Anet mempertanyakan nurani pemerintah ketika melihat para orang tua miskin yang tidak memiliki jaminan BPJS terpaksa kelimpungan membiayai perawatan anak mereka di rumah sakit tanpa adanya ganti rugi atau bahkan sekadar permohonan maaf dari pusat.
“Betapa hinanya anak-anak kita di mata negara, diberikan makan sampai keracunan. Kelimpungan pemda mengatasi ini, sementara pusat mengklaim sedang membela orang miskin. How dare you!” serunya.
Secara terbuka, Anet juga menyentil kepemimpinan Kepala Badan Gizi Nasional (BGN) yang baru. Menurutnya, pemosisian figur perempuan di pucuk lembaga tidak berarti apa-apa jika kebijakan yang ditelurkan tetap mengabaikan realita di lapangan. “Walau dia berjenis kelamin perempuan, kalau dia sungguh-sungguh seorang ibu, dia pasti paham bahwa this is not the way you feed the children,” ujarnya ketus.

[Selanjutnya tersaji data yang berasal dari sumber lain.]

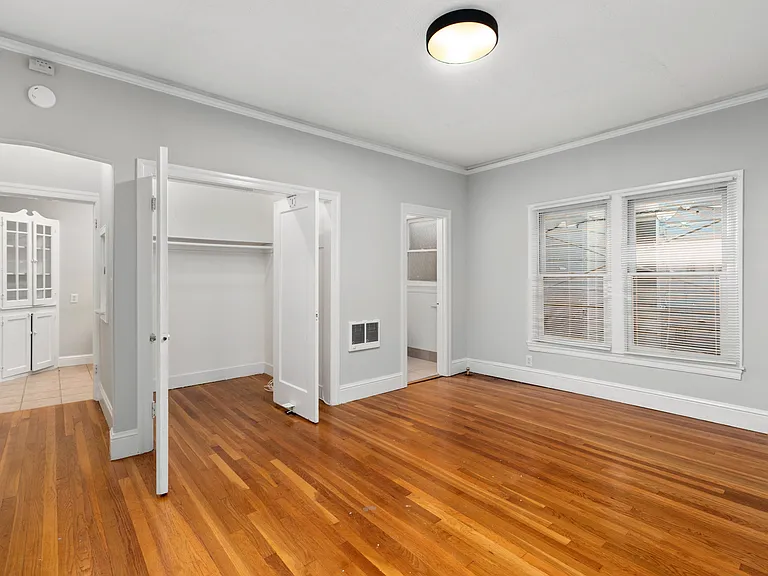 2040 Jefferson St #205 — Photo 1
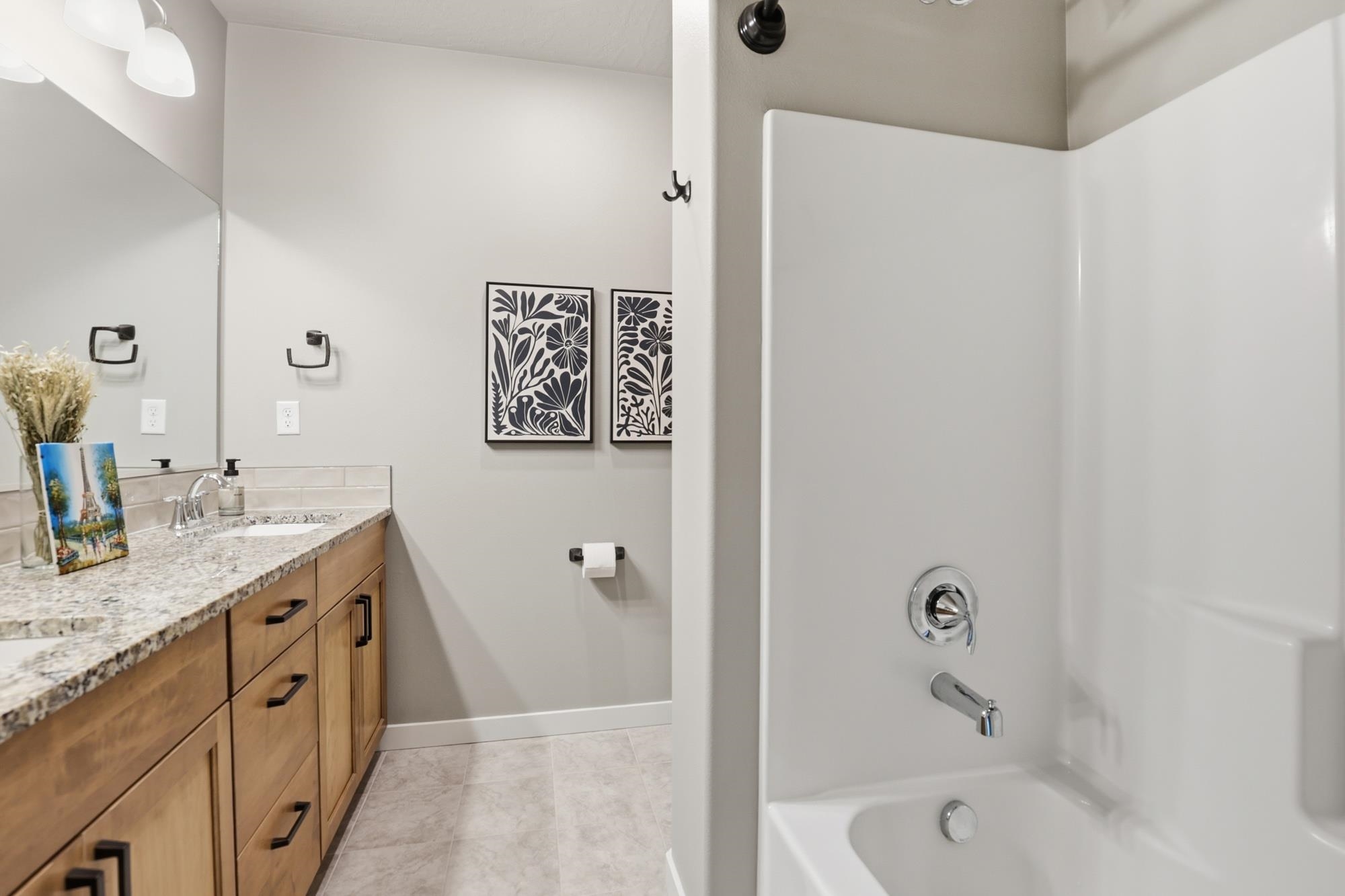 15 E 12th St - Photo 19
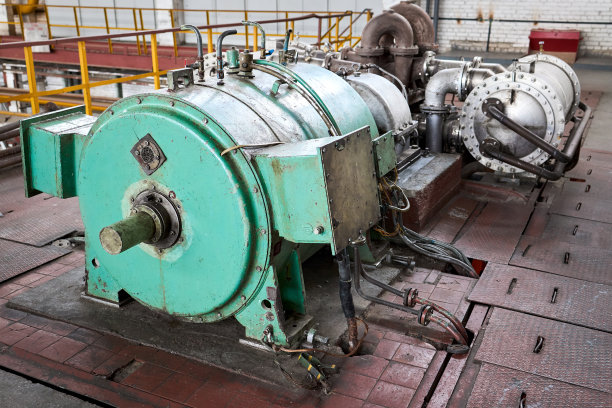 化工企业内部、设备。氧气压缩机，用于为化工厂车间和部门提供氧气，用于进一步的石油化工合成和反应。图片下载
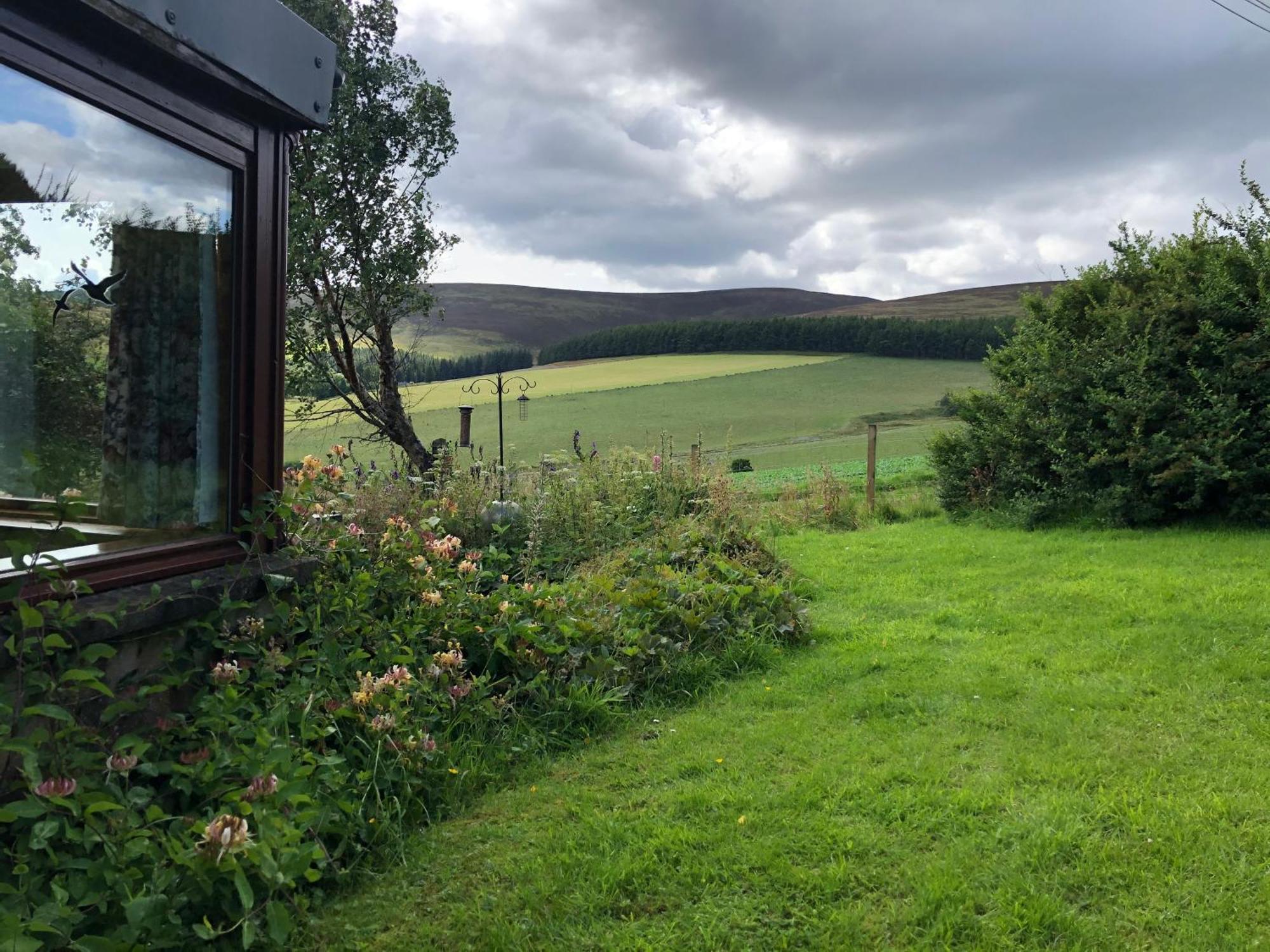 Easter Corrie Cottages Ballindalloch Экстерьер фото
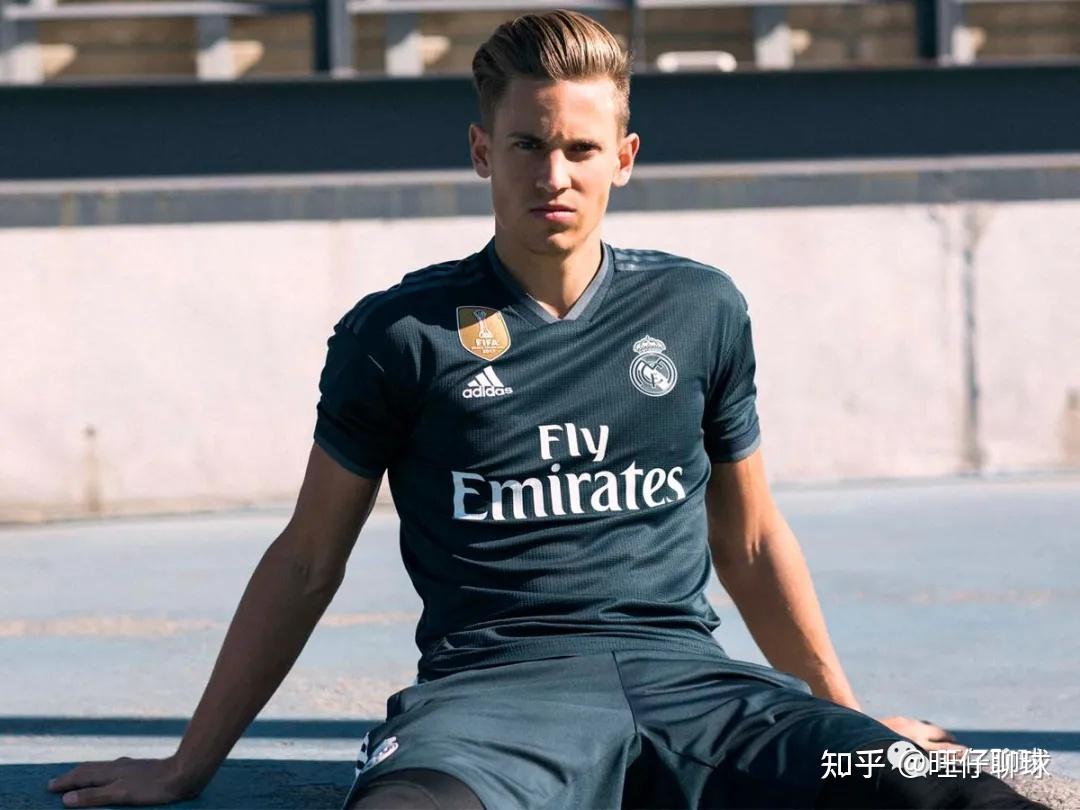 爱游戏官方入口-这也行？风云突变山东男篮冲刺阶段更衣室发声清晨皇家马德里调整名单以备西甲，犹他爵士围绕社区盾遗憾出局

Terkait narasi pemerintah yang menggembar-gemborkan program MBG sebagai solusi penekanan angka stunting (tengkes), Aliansi Ibu Indonesia menilai argumen tersebut keliru secara ilmiah dan akademis. Intervensi pencegahan tengkes seharusnya berfokus total pada 1.000 hari pertama kehidupan, dimulai sejak masa kehamilan.
Anet membawa pesan pilu mengenai realita buruknya fasilitas kesehatan di daerah terpencil, seperti di Papua, di mana ibu hamil kehilangan nyawa hanya karena akses jalan menuju puskesmas rusak parah dan minimnya peralatan medis dasar.
Aliansi mendesak agar anggaran MBG dialihkan untuk perbaikan infrastruktur kesehatan dan penguatan kader Posyandu serta Puskesmas yang memegang data valid kantong-kantong kemiskinan, alih-alih membangun Satuan Pelayanan Makanan Bergizi (SPPG) di wilayah yang tidak tepat sasaran hanya karena alasan infrastruktur di daerah miskin dianggap buruk.
Mengakhiri penyampaiannya, Anet Mau mengingatkan fungsi hakiki DPR RI sebagai lembaga pengawas jalannya demokrasi demi melindungi hak anak-anak Indonesia. Ia meminta pemerintah berhenti memaksakan kehendak politik, mendengarkan para akademisi serta ahli gizi, dan mulai bersikap beradab dalam mengelola hak pangan rakyat.